The ISNA news agency quoted a spokesperson for Iran’s central command centre as saying the military “will soon respond and retaliate against this armed piracy”, while Tasnim reported that Tehran had sent drones toward US military ships.
Iran’s Revolutionary Guards, meanwhile, warned that any attempt to pass through the Strait of Hormuz without permission “will be considered cooperation with the enemy, and the offending vessel will be targeted”.
Chinese President Xi Jinping told Saudi Arabia’s Crown Prince Mohammed bin Salman in a phone call that “normal traffic” through the crucial route for oil and gas shipments “should be maintained”, state media reported.
Commuters pass a billboard showing Iran’s Supreme Leader Ayatollah Mojtaba Khamenei in Tehran today
Sticking points
Iran’s foreign ministry said delays in enforcing a ceasefire in Lebanon, where Israel has been battling the militant group Hezbollah, also amounted to a breach of the wider Middle East truce.
A separate ceasefire between Israel and Lebanon came into effect on Friday and covered Hezbollah, whose rocket fire in support of Iran pulled Lebanon into the war.

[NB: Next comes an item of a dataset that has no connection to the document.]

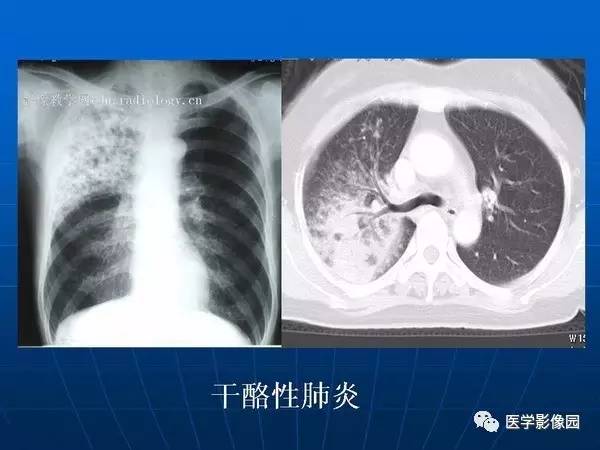 【PPT】各型肺结核的典型影像表现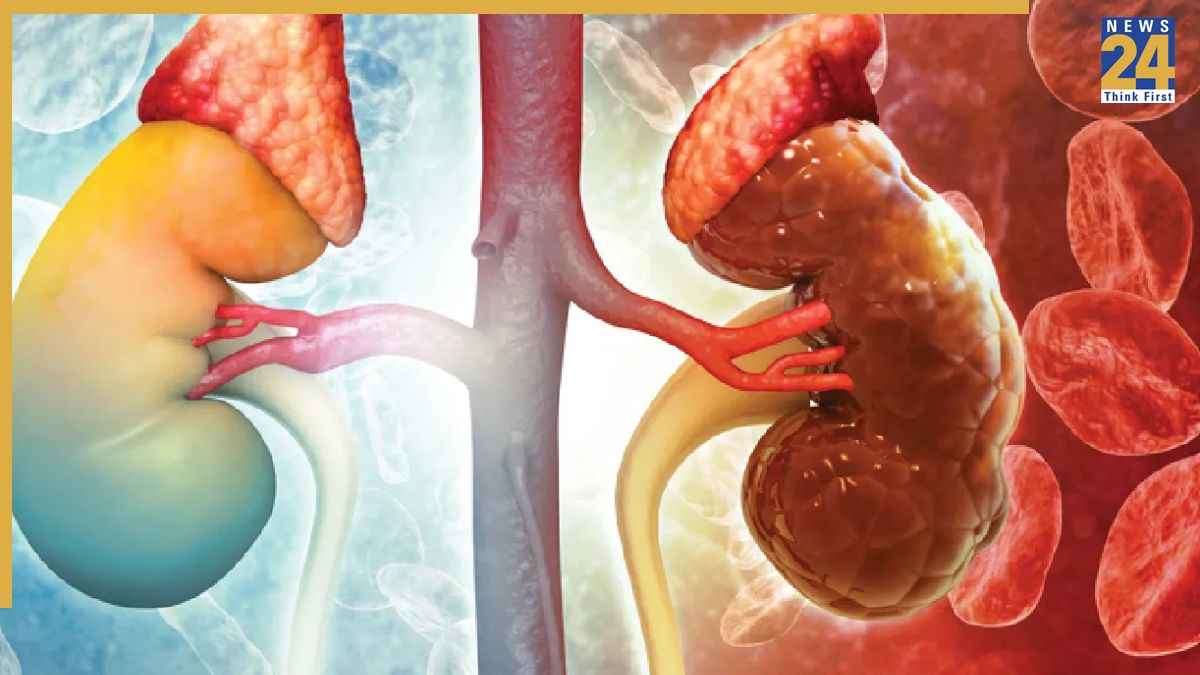 Kidney Disease: 80% लोग रोज कर रहे हैं किडनी का मर्डर, आप भी ये 5 आदतें आज ही छोड़ दीजिए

Israel’s military warned Lebanese civilians not to return to dozens of villages in southern Lebanon, saying Hezbollah activity was violating the agreement.
Even so, thousands of displaced residents have started returning to southern Lebanon since the truce took hold.
Israeli Defence Minister Israel Katz said on Sunday that the military would act with “full force” against any threats in Lebanon, even while the ceasefire remained in place.
So far, there has been only a single 21-hour negotiating session in Islamabad
Hezbollah lawmaker Hassan Fadlallah told AFP that his group would seek to break the “Yellow Line” Israel has imposed in southern Lebanon, while also saying it wanted “the ceasefire to continue”.
Another central sticking point in the US-Iran talks has been Tehran’s stockpile of enriched uranium, which Mr Trump said on Friday Iran had agreed to surrender.
But Iran’s foreign ministry has said the stockpile, believed to have been buried by US bombing during last June’s 12-day war, was “not going to be transferred anywhere”.
Baqaei said the matter had not come up with US negotiators.
“It was never raised as an option for us,” he said.